* [Exercise brief]:
Find the line that contains "Viseira/Boné Feminino De"; please output it and each line after it, exactly as shown, up to the end of the entries below, skipping pictures.

%%

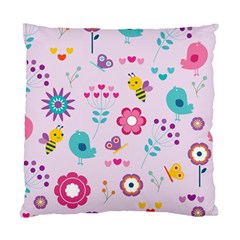 Birds Floral Flowers Retro Spring Standard Cushion Case (one Side) by Pakrebo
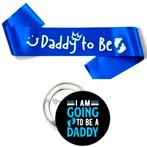 Sjerp Daddy to Be blauw met witte tekst, Verzenden, Nieuw, Versiering, Geboorte of Huwelijk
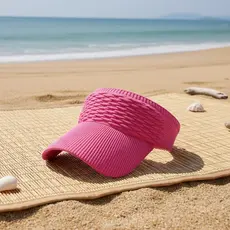 Viseira/Boné Feminino De Aba Longa Respirável Elástico Tricô Moda Praia Verão Corrida Textura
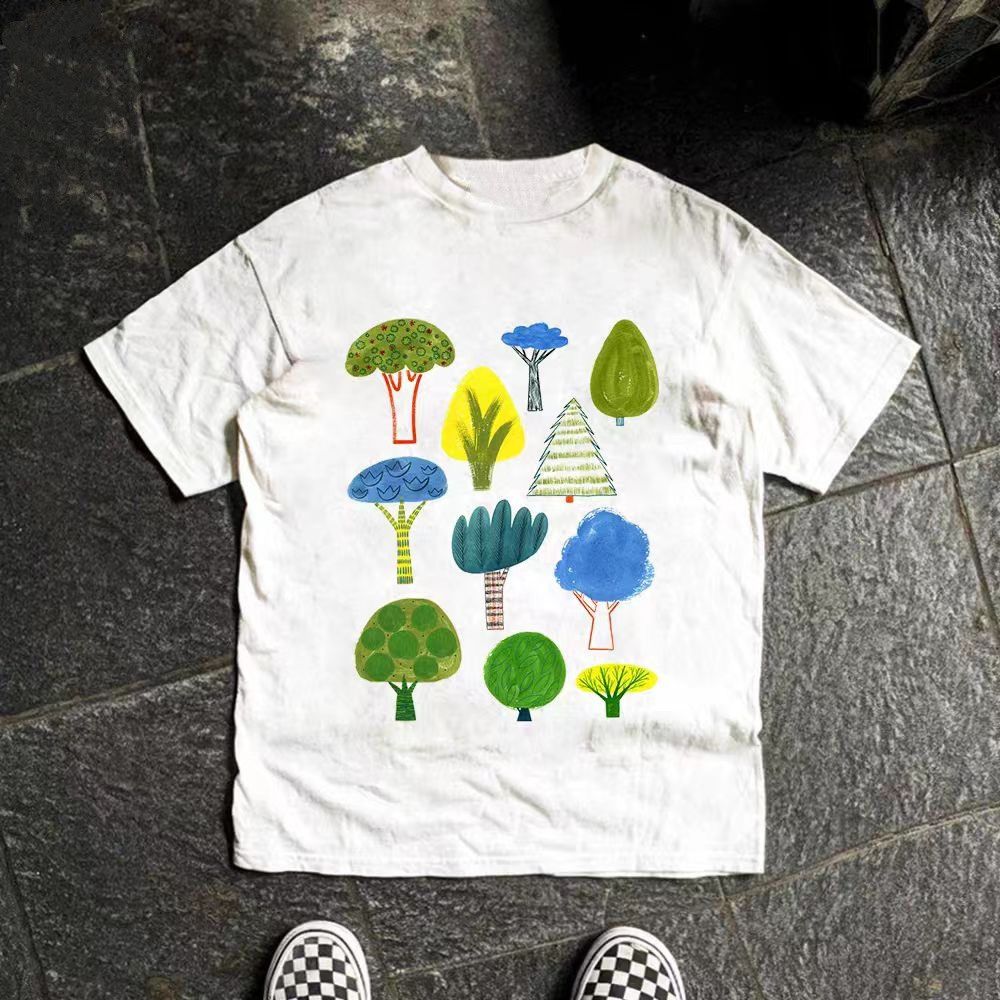 Vintage White retro tree print cotton t-shirt Size US M / EU 48-50 / 2 - 1 Thumbnail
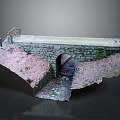Stone Arch Bridge Model with Detailed Stone Masonry Miniature Railings and Path Underneath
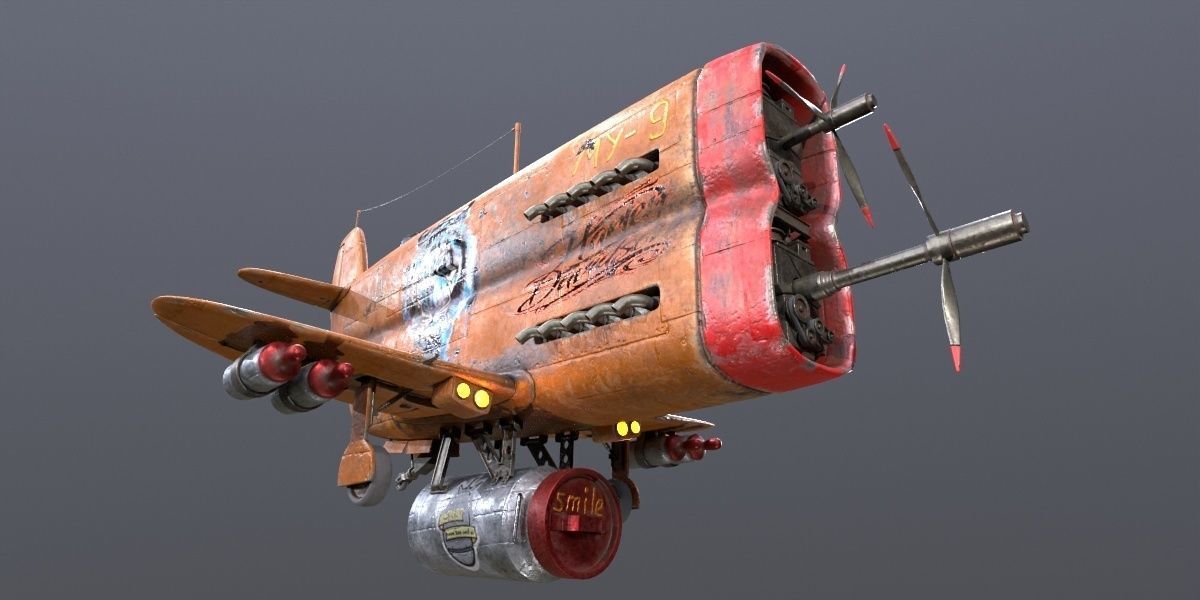  Stylized realistic brown airplane Low-poly 3D model_17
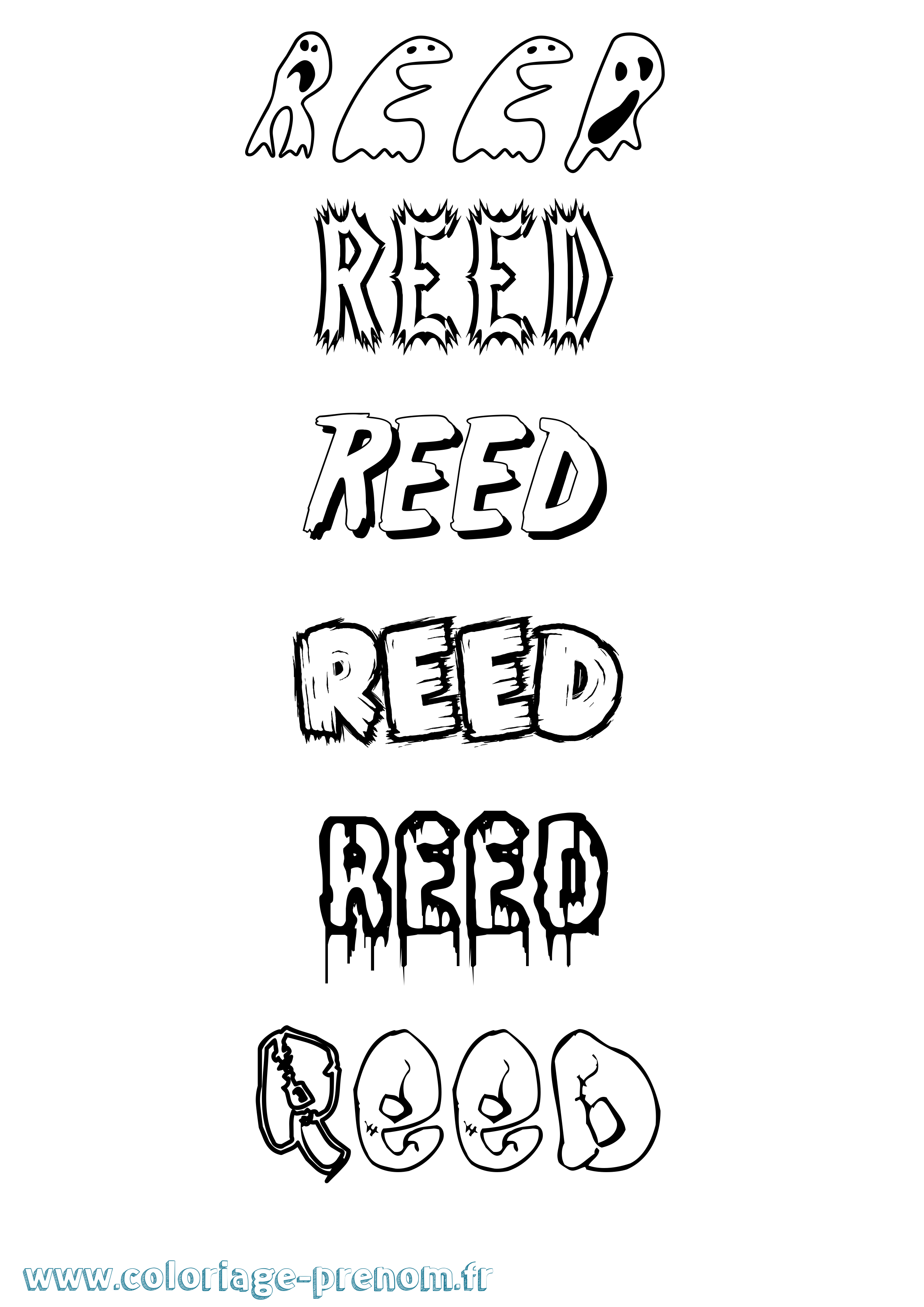 Coloriage Reed Frisson Coloriage prénom Reed Frisson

%%

* [Final answer]:
 Viseira/Boné Feminino De Aba Longa Respirável Elástico Tricô Moda Praia Verão Corrida Textura
 Vintage White retro tree print cotton t-shirt Size US M / EU 48-50 / 2 - 1 Thumbnail
Stone Arch Bridge Model with Detailed Stone Masonry Miniature Railings and Path Underneath
  Stylized realistic brown airplane Low-poly 3D model_17
 Coloriage Reed Frisson Coloriage prénom Reed Frisson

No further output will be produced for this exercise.